A coworker-turned-prospective-lover confesses a hard-to-swallow fetish. A train ride fantastically goes off the rails. Cousins revisit summer holiday bliss - or was it really horror? Exes fumble an attempt to reconnect over a dip in the pool. And an expectant mother slips into uncharted territory as she enters a communion more pure than language can accommodate.
I Ate the Whole World to Find You maps the topography of trauma, treasures, and loss imposed onto the body of Jenny, a twenty-something-going-on-thirty-something partial hot mess who's making her way more firmly into adulthood. As she navigates friendship, family, and romantic relationships, will her inability to communicate destroy her, or ultimately be her rebirth?
Set against an exquisitely lush Australian backdrop, Rachel Ang's pencils are fluid yet scratchy, precise and evocative, bringing to life the inner and external world of Jenny with stunning realism and gushing imagination. Sprinkled with speculative fiction and fantasy, this radiant debut collection establishes Ang as a storyteller of range and power.
Rachel Ang is a Naarm/Melbourne writer and artist who makes comics. I Ate the Whole World to Find You is her first graphic novel (or ‘long comic book’), published locally by Scribe, who have published numerous Australian graphic novels in recent years, including those by Sam Wallman, Tommi Parrish, Joshua Santospirito and others – go, Scribe! Ang’s shorter works have been published in The New Yorker and Meanjin, with her chapbook Swimsuit published by the magnificent Melbourne comics publisher Glom Press.
The book design of I Ate the Whole World To Find You takes full advantage of the idea that the life of a comics text begins on the cover – and that image and text jostle over meaning. The cover image introduces the main character, Jenny, spilling a plate of eyeball spaghetti right into our laps. This accident overlaps and upsets the title’s lettering, so that it could be read as ‘I ate the who word to find you’. Jenny stares down at her shadow which reaches in and out of the word ‘you’, and the trailing spaghetti shadows could well be her entrails. Turning to the inside front cover and across the front matter, Jenny stumbles through a strange, David Lynchian kitchen towards her shadow. She is led to the five chapters of ‘comics proper’, which make up the main body of the book.
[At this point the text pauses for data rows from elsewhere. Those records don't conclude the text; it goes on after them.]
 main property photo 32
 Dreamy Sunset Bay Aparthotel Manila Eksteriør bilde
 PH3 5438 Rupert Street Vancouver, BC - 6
Each of the chapters is fiercely focused on Jenny’s interiority, even though they start ‘in the world’ – at a workplace, in a pub, on a train, in bedrooms, at the pool, on a childhood family holiday. Each transports us into Jenny’s internal state, hallucinatory and harried and imagistic, and Ang’s pages of drawings swing us swiftly into and out of that dream-picture-language, so that by the last story it’s quite possible that Jenny is giving birth to herself. This possibility is supported by a coda beautifully constructed across the design of the back matter and back cover.